According to the scheme, when stable operation of the weather service system is detected, sequence fluctuation of the weather health index is obtained, and a time sequence is obtained according to the sequence fluctuation and time; acquiring the starting time and the ending time of the time sequence, and acquiring a time sequence value from the starting time to the ending time; obtaining a time sequence average value and a time sequence standard deviation according to the time sequence numerical value; the upper and lower boundaries corresponding to the time sequence average value and the time sequence standard deviation can be rapidly and accurately determined by using a 3-sigma algorithm, so that the first-line operation and maintenance pressure is effectively reduced, and the accuracy of monitoring the weather health index abnormality is improved.
Further, fig. 6 is a flowchart of a fifth embodiment of the weather-health-index anomaly monitoring method according to the present invention, as shown in fig. 6, and the fifth embodiment of the weather-health-index anomaly monitoring method according to the present invention is proposed based on the first embodiment, in which the step S30 specifically includes the following steps:
And S31, determining reasonable fluctuation ranges corresponding to different types of weather health indexes according to the upper and lower boundaries.
It should be noted that, to ensure that the health index is displayed correctly, an initial threshold needs to be designed by service experts of each system for actual use conditions and daily operation and maintenance requirements of the system in the initial period of the system, when the service system operates stably, the health index will generate a stable time sequence, and the sequence will fluctuate within a reasonable range, i.e. a reasonable fluctuation range corresponding to different types of weather health indexes can be determined according to the upper and lower boundaries.
And step S32, judging that the current health index is normal when the current health index of the weather health index is detected to be in the current reasonable fluctuation range.
It should be appreciated that upon detecting that the current health indicator of the weather health indicator is within a current reasonable fluctuation range, it may be determined that the current health indicator is normal.
And step S33, judging that the current health index is abnormal when the current health index of the weather health index is detected not to be in the current reasonable fluctuation range, and identifying abnormal nodes corresponding to abnormal data points in the current health index.
It can be appreciated that when it is detected that the current health index of the weather health index is not in the current reasonable fluctuation range, the current health index is determined to be abnormal, and the abnormal node corresponding to the abnormal data point in the current health index is identified.
The anomaly data can be detected by:
abnormal sudden increases (Upper bound, UB) are detected:
abnormal abrupt decreases (Lower bound (LB))aredetected:
It will be appreciated that by performing a 3-sigma analysis on the time series data, it is possible to detect whether abnormal data points are present; under normal distribution assumptions, about 99.7% of the data points should fall within the mean plus three standard deviations; if a data point is outside of this range, it is likely to be an outlier or an outlier event; in the experiment, the mean and standard deviation of the data are calculated first, then the 3-sigma range (the range of the mean plus three times the standard deviation) is determined, and if a certain data point falls outside the range, the data point can be marked as potential abnormality.

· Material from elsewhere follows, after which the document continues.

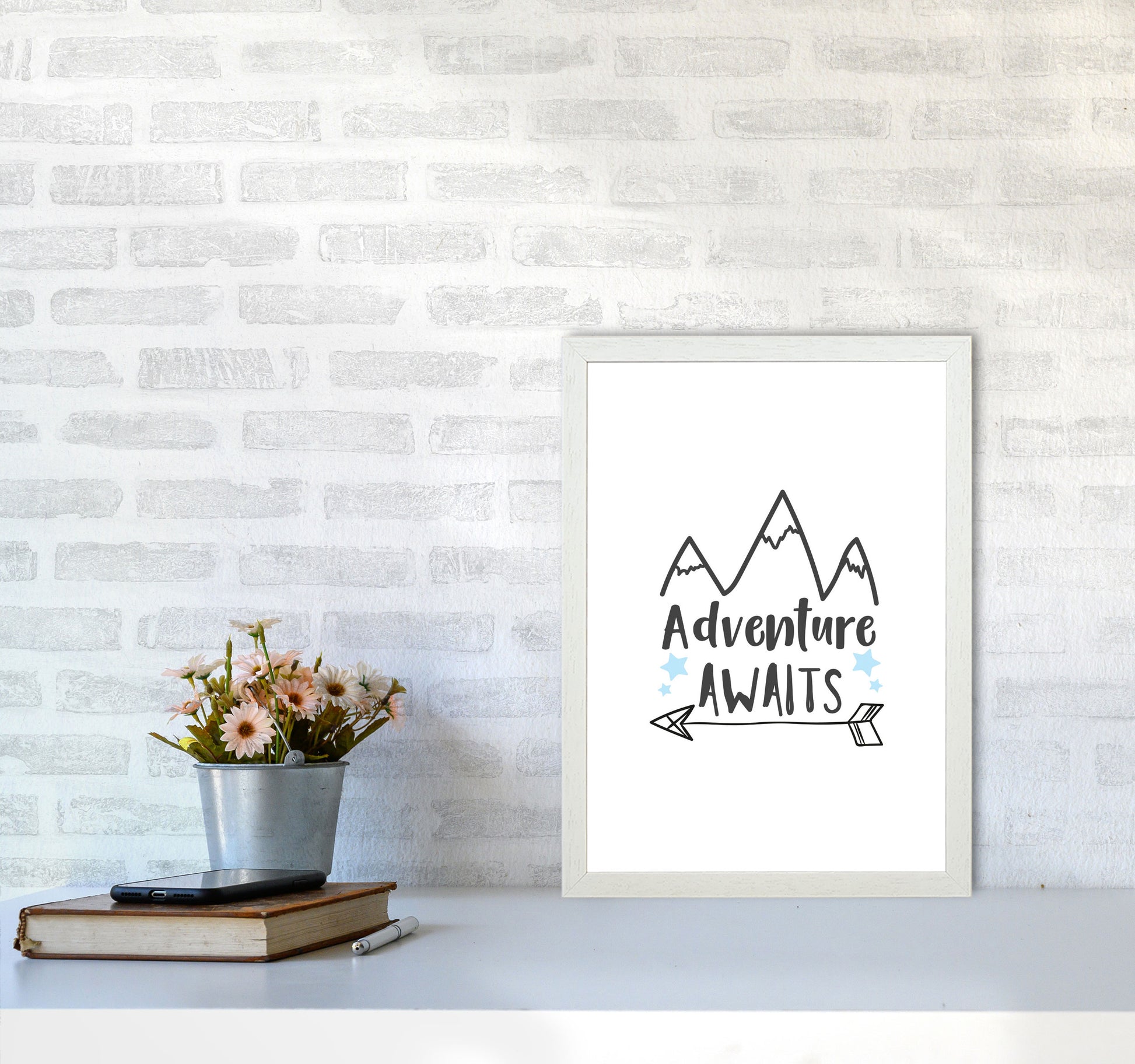 Adventure Awaits Framed Typography Wall Art Print A3 Oak Frame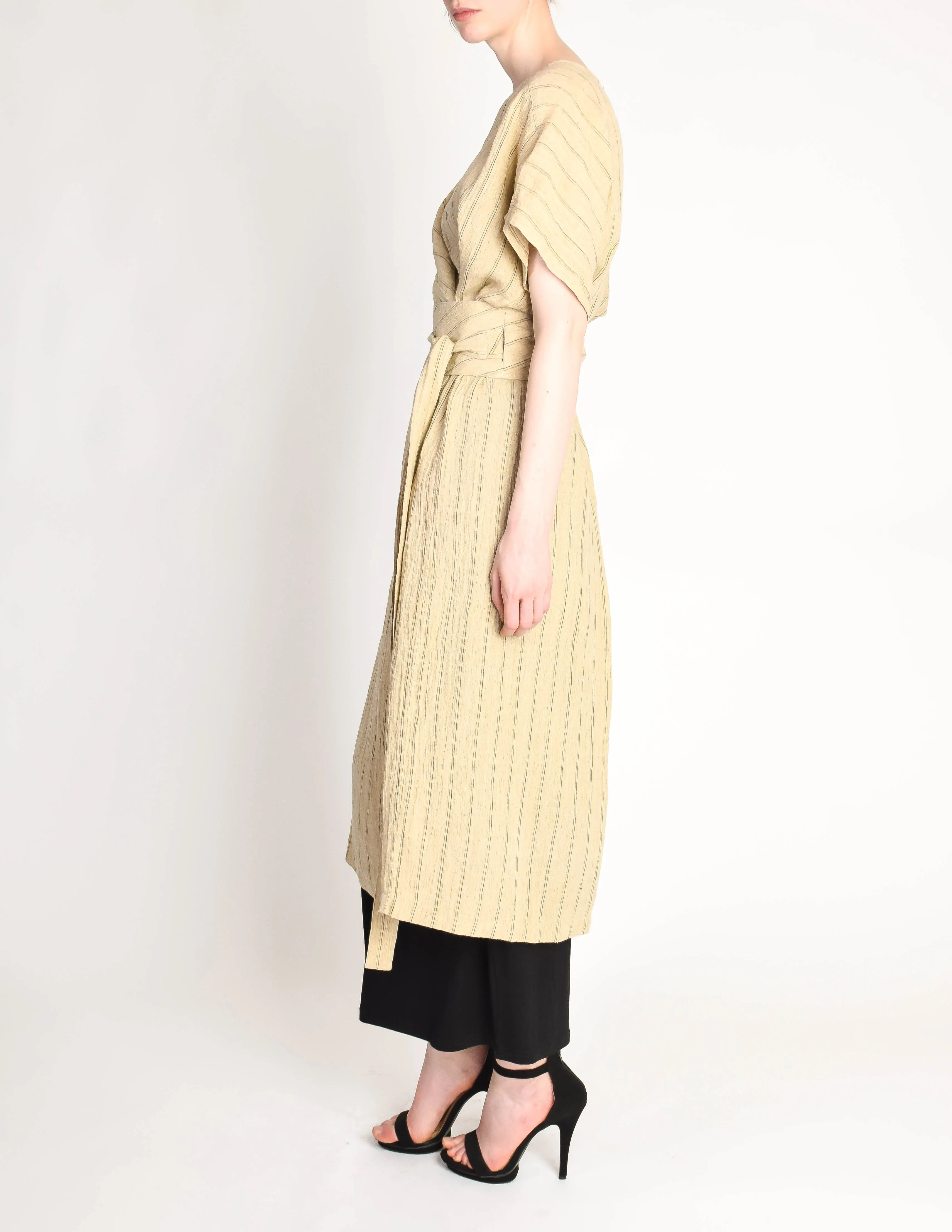 Issey Miyake Vintage Beige Linen Belted Wrap Duster Dress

According to the scheme, reasonable fluctuation ranges corresponding to different types of weather health indexes are determined through the upper and lower boundaries; when the current health index of the weather health index is detected to be in the current reasonable fluctuation range, judging that the current health index is normal; when the current health index of the weather health index is detected not to be in the current reasonable fluctuation range, judging that the current health index is abnormal, and identifying an abnormal node corresponding to an abnormal data point in the current health index; the value of monitoring data can be mined, the automatic troubleshooting capability of faults is improved, the faults are early-warning and transforming from 'passive' discovery to 'active' in advance, the first-line operation and maintenance pressure is effectively reduced, and the accuracy of monitoring the meteorological health index abnormality is improved; the intelligent operation and maintenance capability of the real-time monitoring system for the weather comprehensive business is improved, an early warning mechanism from passive processing after the occurrence of the past faults to active processing for discovering the abnormality of the system in advance is formed, a general frame of the system health index suitable for the weather business is formed, the time consumption for processing the faults is reduced, alarms of different business systems can be effectively associated, and the speed and the efficiency of monitoring the abnormality of the weather health index are improved.

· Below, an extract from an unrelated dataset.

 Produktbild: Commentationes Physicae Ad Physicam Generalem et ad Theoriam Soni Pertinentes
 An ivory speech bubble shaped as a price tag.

Correspondingly, the invention further provides a meteorological health index abnormality monitoring device.
Referring to fig. 7, fig. 7 is a functional block diagram of a first embodiment of the weather-health-index anomaly monitoring device according to the present invention.
In a first embodiment of the weather-health-index anomaly monitoring device of the present invention, the weather-health-index anomaly monitoring device includes:
The index acquisition module 10 is configured to acquire operation state data of the weather service system, and analyze the operation state data to obtain weather health indexes.
The boundary determining module 20 is configured to obtain a time sequence of the weather health indicator, and calculate an upper boundary and a lower boundary corresponding to the time sequence by using a 3-sigma algorithm.
The anomaly identification module 30 is configured to determine whether the weather health indicator is normal according to the upper and lower boundaries, and identify an anomaly node in the weather service system where the weather health indicator is anomaly.
The index acquisition module 10 is further configured to acquire operation state data of the weather service system from the collected log and the comprehensive monitoring information of the weather service; and analyzing the running state data to obtain weather health indexes reflecting the business capacity and performance state of the running state data.
The index obtaining module 10 is further configured to analyze the running state data according to a basic attribute to obtain a classification name, a service time, a service link flow identifier, a service system name, a health index name, a maximum service bearing capacity, a current service volume, a service system performance threshold, a service system performance running value and an index statistics period, which reflect the service capability and the performance state of the running state data; and taking the classification name, the service time, the service link flow identifier, the service system name, the health index name, the maximum service bearing capacity, the current service volume, the service system performance threshold, the service system performance running value and the index statistical period as weather health indexes.
The boundary determining module 20 is further configured to obtain a sequence fluctuation of the weather health indicator when the stable operation of the weather service system is detected, and obtain a time sequence according to the sequence fluctuation and time; acquiring the starting time and the ending time of the time sequence, and acquiring a time sequence value from the starting time to the ending time; obtaining a time sequence average value and a time sequence standard deviation according to the time sequence numerical value; and utilizing a 3-sigma algorithm to obtain upper and lower boundaries corresponding to the time sequence average value and the time sequence standard deviation.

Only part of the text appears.